Hamas and Fatah: No civil war
Do not fall into the trap of facile analysis. Fatah vs Hamas has nothing to do with secular vs. Islamist. Read researcher Jean-François Legrain's analysis.
Fatah vs. Hamas, heading toward an internecine Palestinian war?
LEMONDE.FR | 14.12.06 | 13h04 • Updated 15.12.06 | 12h08
The unabridged debate with Jean-François Legrain, CNRS researcher, Friday, December 15th, 11:00 am
Q. What are the main differences between the Fatah and Hamas organizations?
These are two organizations with very different origins. Fatah is a national liberation movement that appeared towards the end of the 1950’s and the beginning of the 1960’s, which, over the years, has become the principal force for Palestinian nationalism.

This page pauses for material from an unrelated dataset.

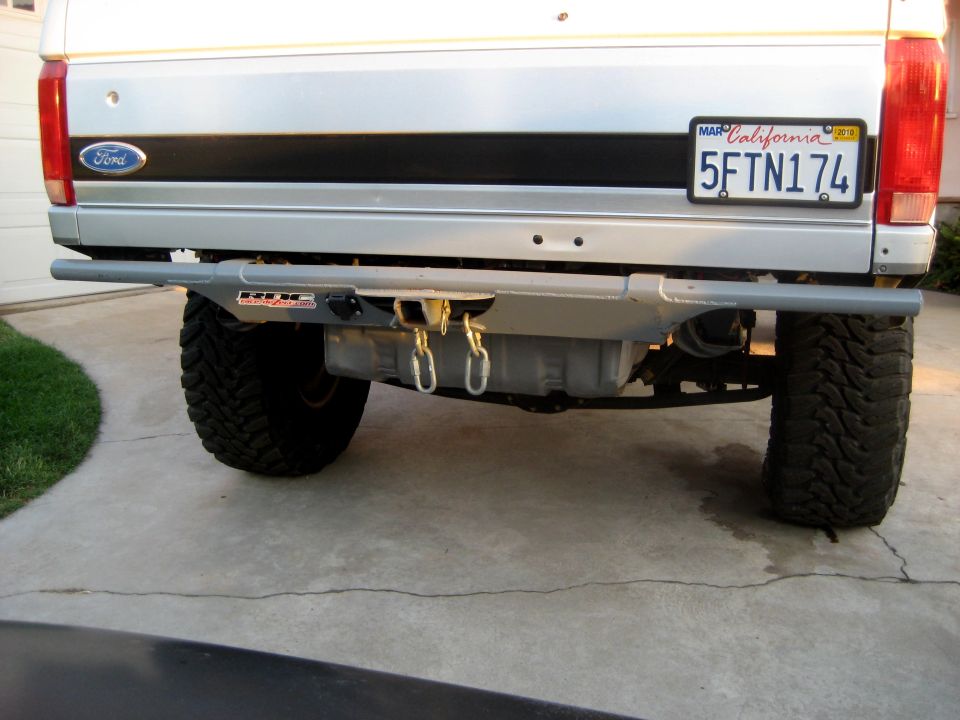 Silver 1996 Ford Bronco rear with aftermarket bumper, hitch, and California license plate 5FTN174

It is the most important organization within the PLO [Palestine Liberation Organization, composed of numerous organizations], and it is Fatah that is the backbone of the autonomous Palestinian Authority put in place by the 1993 Oslo Accords.
Hamas is a Muslim Brotherhood movement whose major activity was once the active preaching of a certain reading of Islam. But starting in 1987, during the First Intifada, the Muslim Brotherhood movement was compelled to join the national struggle against the Occupation. And Hamas was born of this transformation in the Muslim Brotherhood.

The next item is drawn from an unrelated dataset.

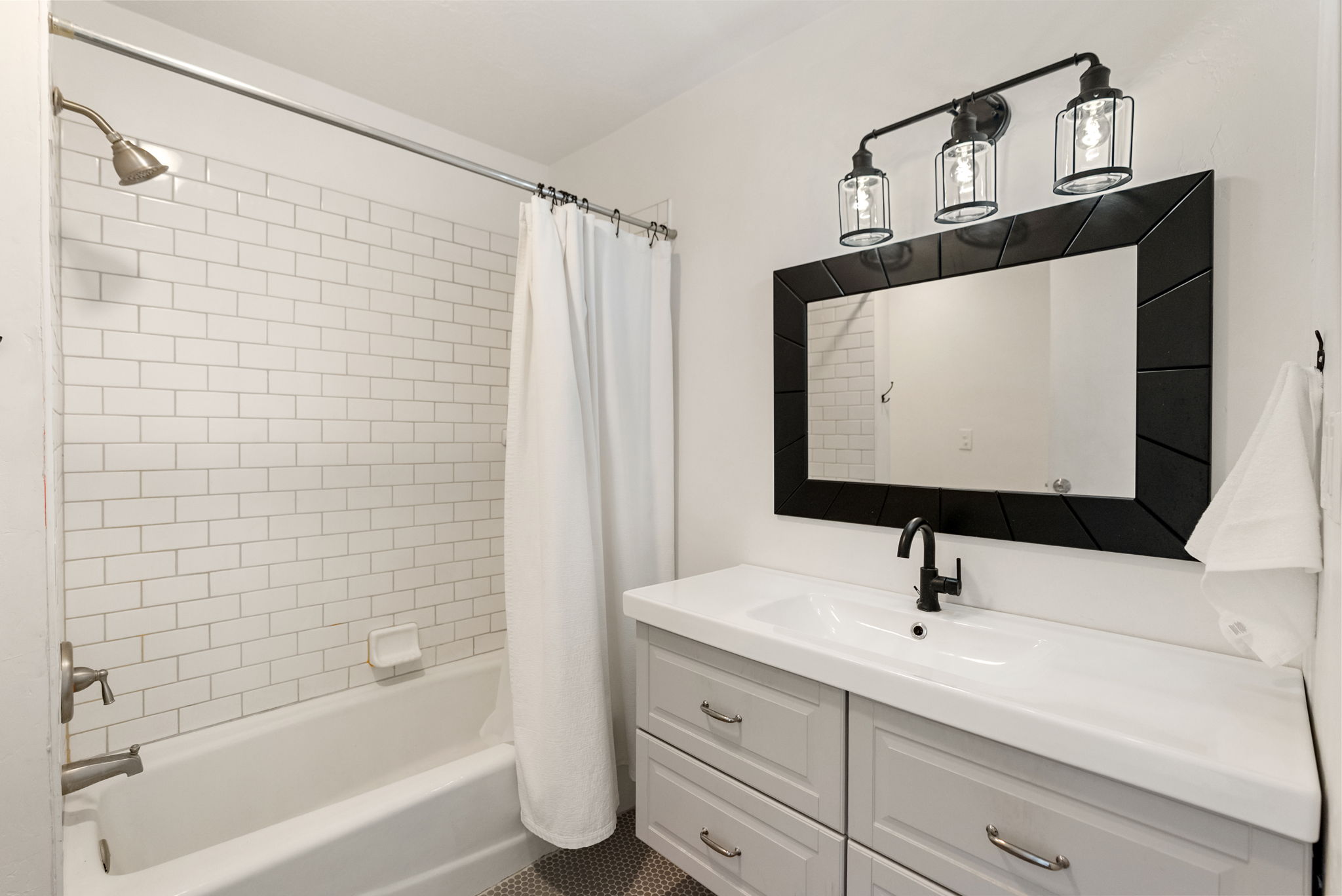 Bathroom featuring a vanity with an integrated sink, a black framed mirror, and a three-light fixture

Q. What is the balance of power between Fatah and Hamas? What support have they found within the population and from neighboring countries?
The legislative elections that took place in January 2006 put on display the bi-polarity on the Palestinian political scene because Hamas and Fatah, and they alone, won 90% of the seats in Parliament and 80% of the vote.
Hamas won an absolute majority, with 56% of the vote, while Fatah won 34%. Concerning the number of seats, the gap was less significant, since Hamas got 41% and Fatah 35% The two movements today constitute the heart of the Palestinian political scene.
And everything leads to believe that today, ten months after the last elections, that Hamas will remain the principal political force in the eyes of Palestinian public opinion.
Q. What regional support has been garnered by these two organizations?
Fatah benefits from the support of traditional Palestinian and Arab nationalist movements. As a member of the PLO, it is represented in the Arab League; thus, Arab states have generally supported the PLO –recognized in 1974 as the sole legitimate representative of the Palestinian people.
Hamas has entered the national Palestinian political scene only recently. And in its struggle today with Fatah and the President of the Palestinian Authority, Mahmoud Abbas, Hamas has the active support of Iran. But Hamas was very reluctant to play the card of financial support from Iran out of fear that such a policy would be read by the international community as a policy of political alignment with Iran.
It happens that the Palestinian cabinet, led by Hamas, has received a certain amouunt of support from the Arab League in the form of support for the Palestinian people and the expression of the will of the people through an election recognized as honest and transparent.
Q. Both organizations seek autonomy for their country. Is their internal struggle due to the difference in the choice of methods to attain this goal (recognition or not of Israel, establishment of an Islamist state…)?
The two organizations are agitating for the creation of a Palestinian state and the end to the Israeli military occupation, which may be direct or indirect, depending on the zone. The two organizations demand the implementation of different UN resolutions concerning the right to self-determination by Palestinian people and to have a country of their own.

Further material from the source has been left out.